L’ idea di lavorare su immagini che interrogano se stesse, alla ricerca di una nuova forma, e di un pensiero in cui tradurre il mondo, è stata un po’ la traccia dell’edizione appena chiusa, attraversando i terreni ambigui del presente, e della Storia, contro le iconografie scontate, le abitudini delle sguardo, le relazioni obbligate.

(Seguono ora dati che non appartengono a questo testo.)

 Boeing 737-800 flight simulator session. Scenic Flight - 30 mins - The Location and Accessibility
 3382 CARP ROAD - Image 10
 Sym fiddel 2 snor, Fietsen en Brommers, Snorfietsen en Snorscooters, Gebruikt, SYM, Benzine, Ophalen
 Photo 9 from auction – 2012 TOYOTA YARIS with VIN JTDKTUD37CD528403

Fukushima è l’incubo ancora vivo, e spaventoso di un paese che Pihilippe Rouy ci mostra filmando le rovine a distanza di un anno in Machine to Machine. Dove riprendende il soggetto di un suo film precedente, 4 Batements face a la mer, per condurci in un paesaggio «post» che non trova ancora una forma. E che è stato messo da parte nel ritmo della normalità senza affrontare quanto quella catastrofe ha provocato, e continuerà a provocare nel futuro. Le immagini scendono nel cuore della centrale ripreso da robot che si muovono alla cieca, un’esplorazione meccanica (da macchina a macchina, appunto, ma ogni centimetro è impraticabile per l’uomo) che produce immagini caotiche, quasi un’allucinazione potente, inquietante, al cui interno lo sguardo umano non sembra quasi più possibile.

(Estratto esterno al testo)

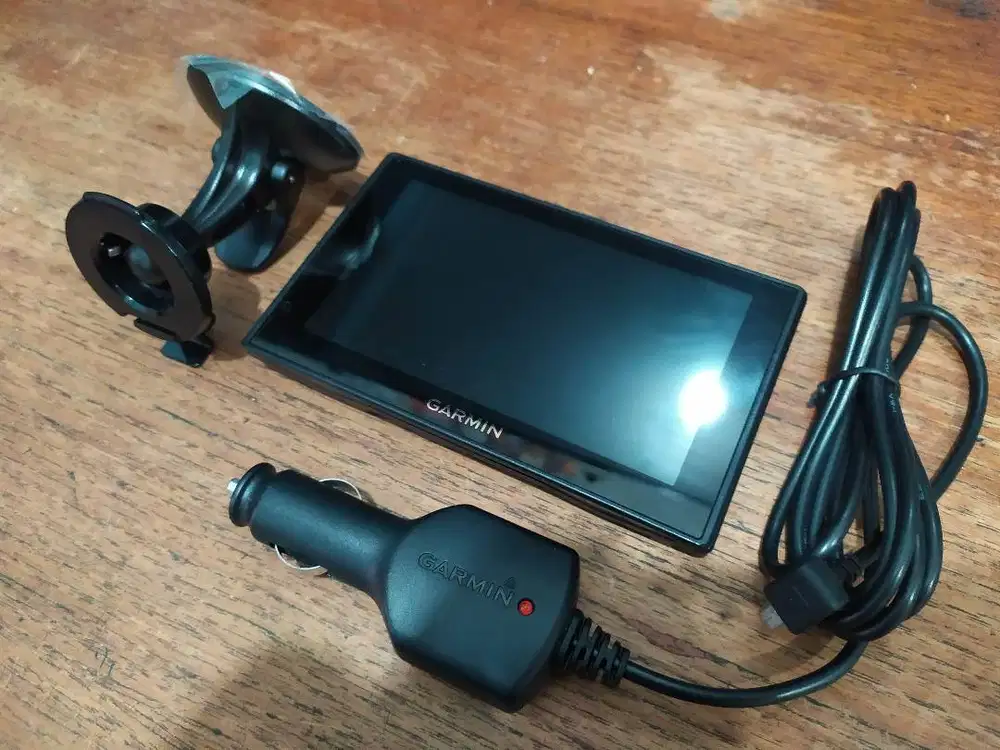 GPS Garmin DriveSmart 51lm 51 lm Drive Smart Peta 2025 Terbaru Nuvi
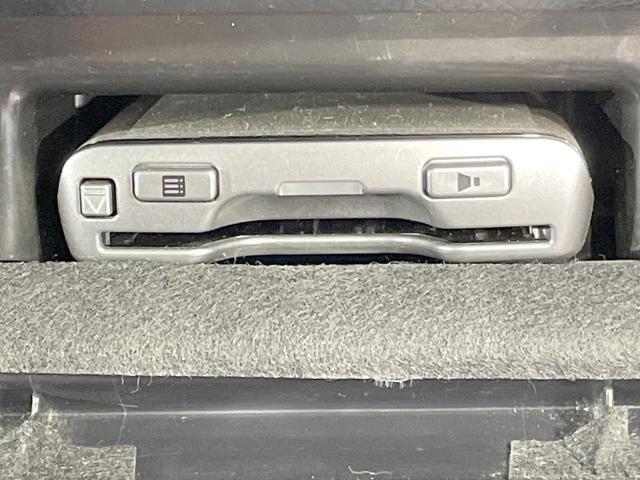 レガシィアウトバック リミテッド 純正8型ナビ バックカメラ 衝突軽減 メモリー付パワーシート 黒革シート パワーバックドア シートヒーター ブラインドスポットモニター ETC レーダークルーズ 純正18AW スマートキー(34枚目)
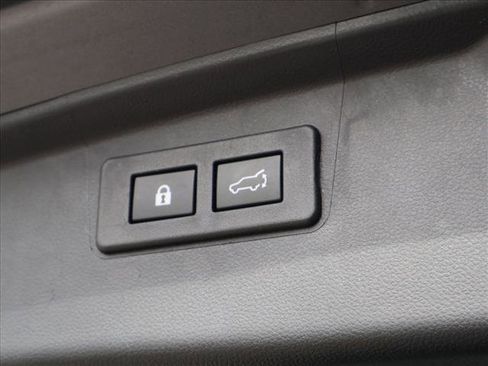 Used 2025 Subaru Outback Premium AWD/4WD image 7
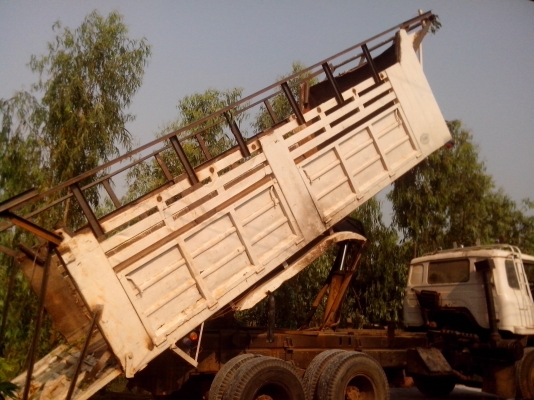 ขายกระบะสิบล้อพร้อมไฮดรอลิค กระบอกดั๊มพ์ และอุปกรณ์ครบ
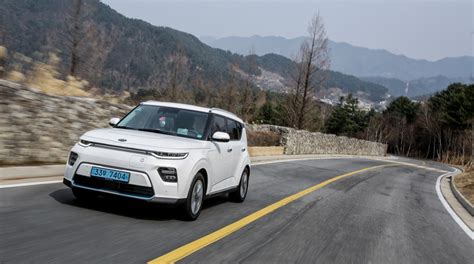 2020 kia soul ev first drive review 243 electric miles in the box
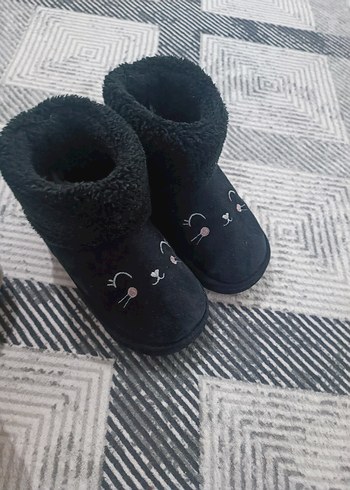 Kızlar İçin Siyah Kürklü Nakışlı ev botu panduf - Görsel 6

La guerra dell’ex Jugoslavia ci appare nel dispositivo costruito da Sarah Vanagt in Elevage de poussière, con l’ipocrisia (oscena) a cui tutti i paesi d’Europa hanno prestato opera, prima e dopo, cercando colpevoli che non possano metterne troppo in discussione le politiche. Vanagt lavora sui filmati del processo a Radovan Karadic, incriminato per genocidio e crimini di guerra, al tribunale internazionale dell’Aja. Testimoni protetti ripercorrono con voci distorte perché non si possano riconoscere la violenza delle fosse comuni a cui sono scampati, i periti mostrano i segni delle fosse poi fatte sparire, analizzano fotografie di corpi irriconoscibili e senza nome. La replica di Karadic, che si difende da solo, è atroce: negare ma anche azzerare queste e altre testimonianze producendo controprove dall’apparenza a loro volta efficace, con cui dire che il massacro di Srebenica è una invenzione dei musulmani e così l’assedio di Sarajevo e le migliaia di persone ammazzate nei campi. Come processare una Storia recente e cosa significa «giustizia»: la regista copre di volta in volta i visi sullo schermo del suo computer e gli oggetti all’interno del tribunale con dei foglietti, su cui passa una matita per cercare la polvere. Il processo è ancora in corso, e la memoria?

Elena Tikhonova e Dominik Sprintzendorfer, mischiano materiali d’archivio e interviste ripercorrono la storia della musica eletronica nell’Unione sovietica. Elektro Moskva comincia dal pensiero di Lenin su cosa doveva essere il comunismo, i soviet più l’elettrificazione del paese, l’utopia di una nazione modernizzata dalla scienza e dalla politica. Ed ecco poi le storie di Alexei Borisov, musicista e compositore underground, il destino straordinario di Leon Teremin, fisico, che nel 1919 inventa il Theremin, il primo strumento elettronico, e poi viene deportato in Siberia dove continuerà a fabbricare invenzioni per il Kgb. «L’ideale sarebbe arrivare a una terza via, tra il capitalismo e la follia russa» dice un giovane scienziato di oggi. La libertà è nella composizione stessa più che nel risultato musicale. La sfida del Fid, delle sue immagini, del corpo a corpo con la realtà.